From The Nitrosyl Azide Potential Energy Hypersurface: A
High-Energy-Density Boom or Bust? J. Am. Chem. Soc. 1996, 118, 4860-4870 :
[Abstract] ...While the ring isomer is predicted to be the most stable structure on the
hypersurface, the barrier to dissociation is most likely between 1 and 2 kcal mol-1 (including zero-point vibrational
energy [ZPVE], the existence of any barrier becomes questionable) making isolation theoretically possible but
experimentally difficult. This small barrier also detracts from the attractiveness of the N4O ring structure as a high energy-density material. The trans-chain isomer, however, lies in an energy valley with higher sides, consistent
with its previous experimental observation.
[full text]...In an ideal five-membered ring
with 6 $\pi$ electrons, the $\pi$ electrons would be distributed evenly
among all the bonds. In the present case, the highly electronegative
O atom prefers to keep electrons around itself, leading
to a partial negative charge on the oxygen. Energetically, there
is a certain degree of stability associated with the ring isomer,
although not on the order of common aromatic systems. The
ring isomer is predicted to be at most (DZP CISD) 20.9 kcal
mol-1 more stable than the trans-chain isomer; however, this
value decreases to 13.2 kcal mol-1 with TZ2P CCSD.
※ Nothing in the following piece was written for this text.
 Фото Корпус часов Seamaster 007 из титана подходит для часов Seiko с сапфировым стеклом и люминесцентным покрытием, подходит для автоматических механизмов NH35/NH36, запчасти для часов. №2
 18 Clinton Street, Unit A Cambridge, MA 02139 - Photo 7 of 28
The ring isomer TS to dissociation into N2 and N2O is shown
in Figure 5. ... Energetically, the barrier to dissociation
is at most 15.3 kcal mol-1 (DZP CISD) and drops lower
with improvements in both basis set and correlation scheme.
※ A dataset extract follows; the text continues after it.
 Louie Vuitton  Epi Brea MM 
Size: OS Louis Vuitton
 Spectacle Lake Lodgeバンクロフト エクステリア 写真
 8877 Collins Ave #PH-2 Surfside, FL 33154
In going from a DZP to a TZ2P basis set, for example, this
barrier drops by 5.2 kcal mol-1 for CISD and 4.3 kcal mol-1
for CCSD. Assuming a similar trend in moving from DZP
CCSD(T) to TZ2P CCSD(T), the ring dissociation barrier is
expected to drop to 1-2 kcal mol-1 with the addition of f-type
functions possibly making it even lower. A barrier of this size
lies below the ZPVE, throwing doubt on the existence of the
N4O ring isomer.
So thermodynamically, yes, the ring form is the lowest energy isomer. However, all the isomers are unstable to decomposition and the linear isomer is in a deeper potential energy well than the ring isomer. Therefore, the linear isomer is easier to observe experimentally for kinetic reasons.
There may be additional information in Theoretical study on structures and stabilities of N4X (X = O, S, Se, Te) series International Journal of Quantum Chemistry Volume 109, pages 226–235.